Material for the task >>
◆ ◆ ◆ ◆

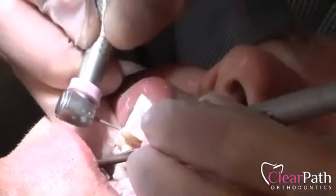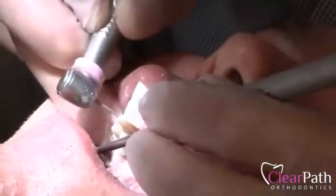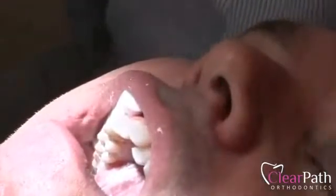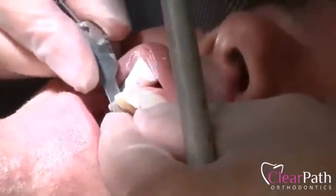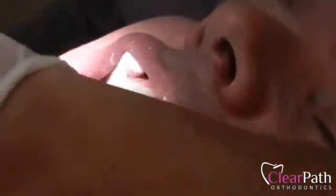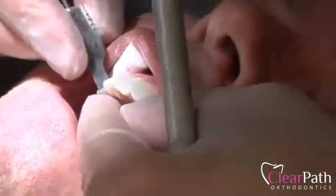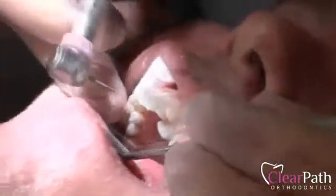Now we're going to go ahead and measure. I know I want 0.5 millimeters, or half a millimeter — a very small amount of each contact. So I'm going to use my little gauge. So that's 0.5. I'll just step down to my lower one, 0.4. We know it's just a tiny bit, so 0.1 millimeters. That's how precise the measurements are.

◆ ◆ ◆ ◆

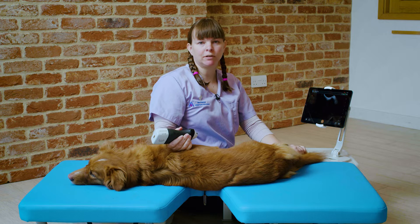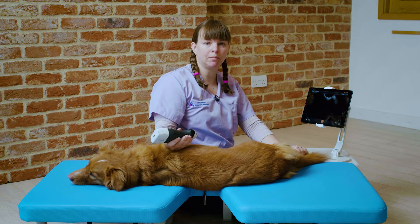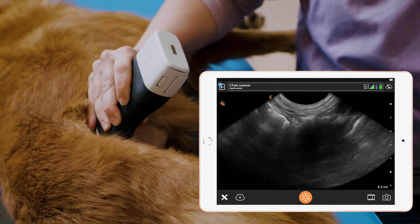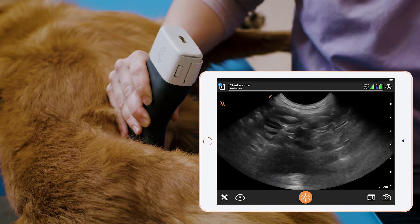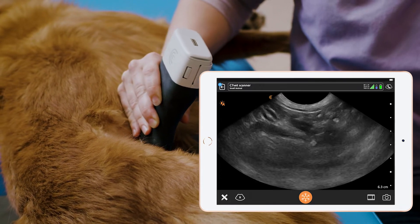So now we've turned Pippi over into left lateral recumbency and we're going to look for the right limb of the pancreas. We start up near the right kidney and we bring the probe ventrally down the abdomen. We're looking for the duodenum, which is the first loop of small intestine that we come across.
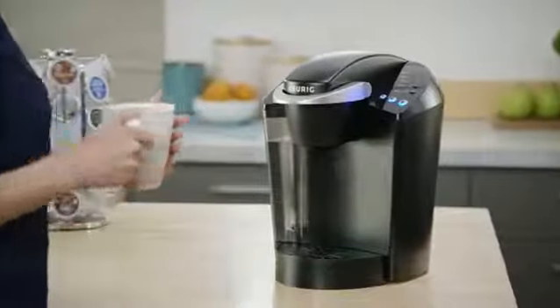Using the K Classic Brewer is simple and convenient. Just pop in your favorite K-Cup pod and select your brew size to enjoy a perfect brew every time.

◆ ◆ ◆ ◆

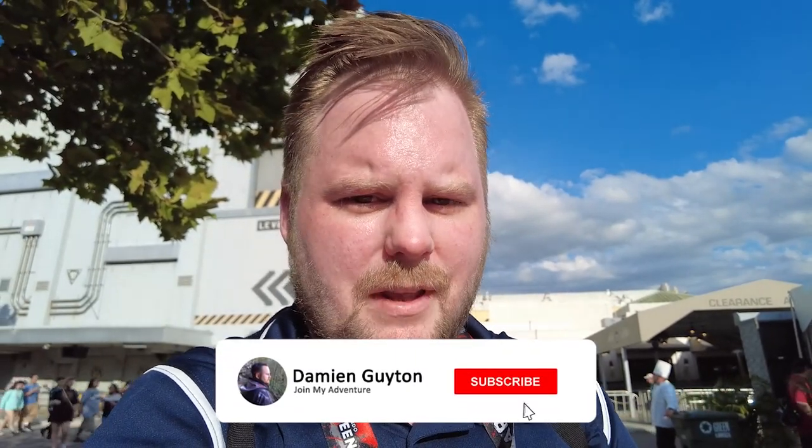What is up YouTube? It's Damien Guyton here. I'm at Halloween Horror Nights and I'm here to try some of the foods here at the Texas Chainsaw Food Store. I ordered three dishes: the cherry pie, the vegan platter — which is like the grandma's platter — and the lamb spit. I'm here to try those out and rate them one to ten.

◆ ◆ ◆ ◆

Problem details >> Word for word, restate the lines above from the one with "So now we've" through the one with "Using the K", keeping both ends and dropping the pictures.

Answer space >>
So now we've turned Pippi over into left lateral recumbency and we're going to look for the right limb of the pancreas. We start up near the right kidney and we bring the probe ventrally down the abdomen. We're looking for the duodenum, which is the first loop of small intestine that we come across.
Using the K Classic Brewer is simple and convenient. Just pop in your favorite K-Cup pod and select your brew size to enjoy a perfect brew every time.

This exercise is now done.